TextOutputStream saves sequence of NULL bytes

This question concerns the following code:

[code]dim f as folderItem = get_folder_item_of_preferences_file
dim t as textOutputStream = f.CreateTextFile
if t=nil then return

t.write get_preferences_string //get_preferences_string returns a string of characters, which is guaranteed to not contain NULL bytes.
t.close[/code]

Problem : on the occasional user’s machine, the resulting file contains several thousand NULL bytes.

It has not yet been possible to reproduce this issue in-house at all, but it is observed via error reports from some customers.

At a guess, either CreateTextFile, or TextOutputStream.Write, or TextOutputStream.Close is crashing the process after space has been allocated on disc for the file, but before the correct data was written.

Question:
How does one create conditions under which this anomaly can be reproduced?

I seen no IOException Handling in your code. Maybe it’s better to not guess when or why it’s failing but to catch the Issue when it’s happening and to act accordingly? :slight_smile:

http://documentation.xojo.com/index.php/IOException

How about an encoding issue? I see no defined encoding here. If the user’s machine does use UTF-16 it would explain the NULL bytes…
Set UTF8 encoding for the text stream.

WHy do you thin you have Nul characters in your text file ?

Do you try to store ASCII characters only ?

Do you try:

t.Encoding = Encodings.UTF8 // strings are UTF8

Yes it would certainly be good practice to check for exception here and I may make this change in the longer term. In the short term I’d love to understand how it is possible to obtain the behaviour being reported from the customer.

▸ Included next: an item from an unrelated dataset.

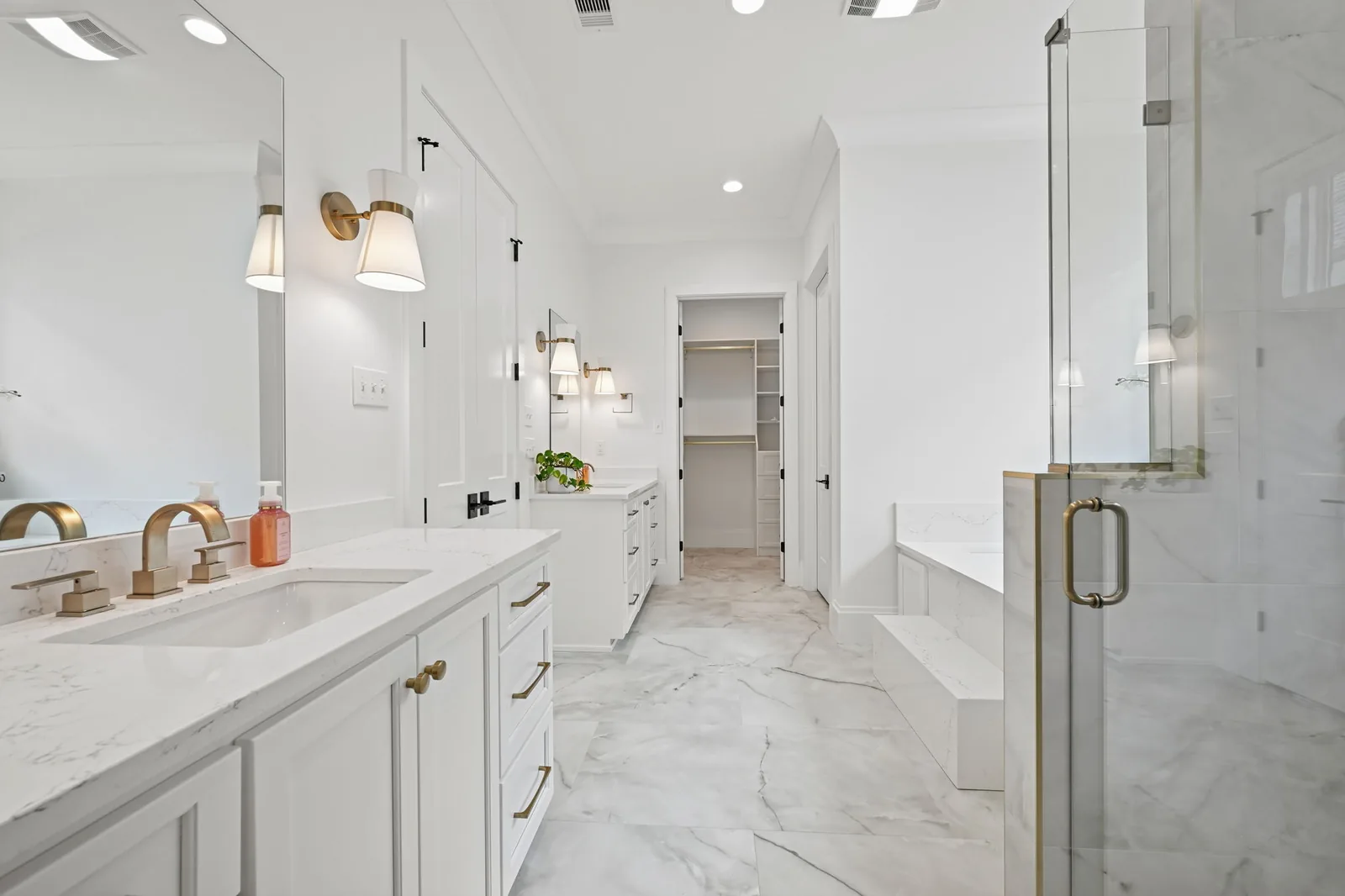 Primary bath, double vanity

[quote]How about an encoding issue? I see no defined encoding here. If the user’s machine does use UTF-16 it would explain the NULL bytes…
Set UTF8 encoding for the text stream.[/quote]

Good idea. However, the resulting file is literally a sequence of approx 17000 null bytes (and no other data), and so does not appear to be a UTF-16 encoded string.

[quote]Do you try:

t.Encoding = Encodings.UTF8 // strings are UTF8[/quote]

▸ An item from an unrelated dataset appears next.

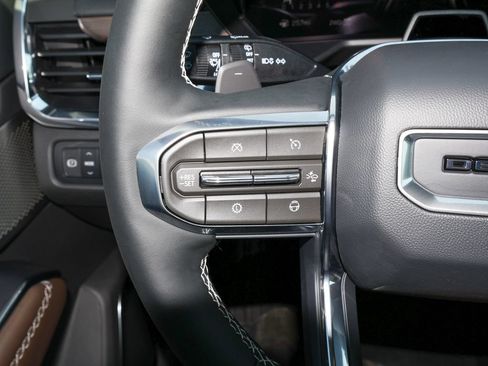 New 2027 GMC Acadia Denali Ultimate w/ LPO, Floor Liner Package AWD/4WD image 26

Unfortunately this is a ‘classic’ TextOutputStream, not a Xojo.IO.TextOutputStream, which unless I am mistaken, does not have an Encoding method or property.

there are two possible things I can think of… and one may not apply to modern file systems

  • Disk blocking factor. A file can only consist of a MINIMUM of “x” blocks regardless of its contents.
  • Use WRITELINE instead of WRITE

If the file is (for example) a minimum of 4k… and you write 100 characters, the file is "padding with 3094 nulls
If the READLINE fails to determine the END OF LINE then it might read the entire block END OF FILE
Perhaps using WRITELINE will help

t.Write(ConvertEncoding(get_preferences_string, Encodings.UTF8)) :wink:

I bet he writes out UTF16 or UTF32, which does contain by definition null characters for ASCII text when read as UTF-8…

Thanks for the responses.

I believe that the answer may be that when power to the PC is cut during a call to TextOutputStream.Write, then NULL bytes are result when the PC is powered on again.

On macOS I have experienced files starting with lots of NUL bytes that are produced if file is deleted or truncated from an outside process while a TextOutputStream is still open for them. The next write will then happen at the seek-position just after the last write, which results in lots of NUL bytes before if the file was truncated in between. There is no Exception nor Error to detect this: <https://xojo.com/issue/43464>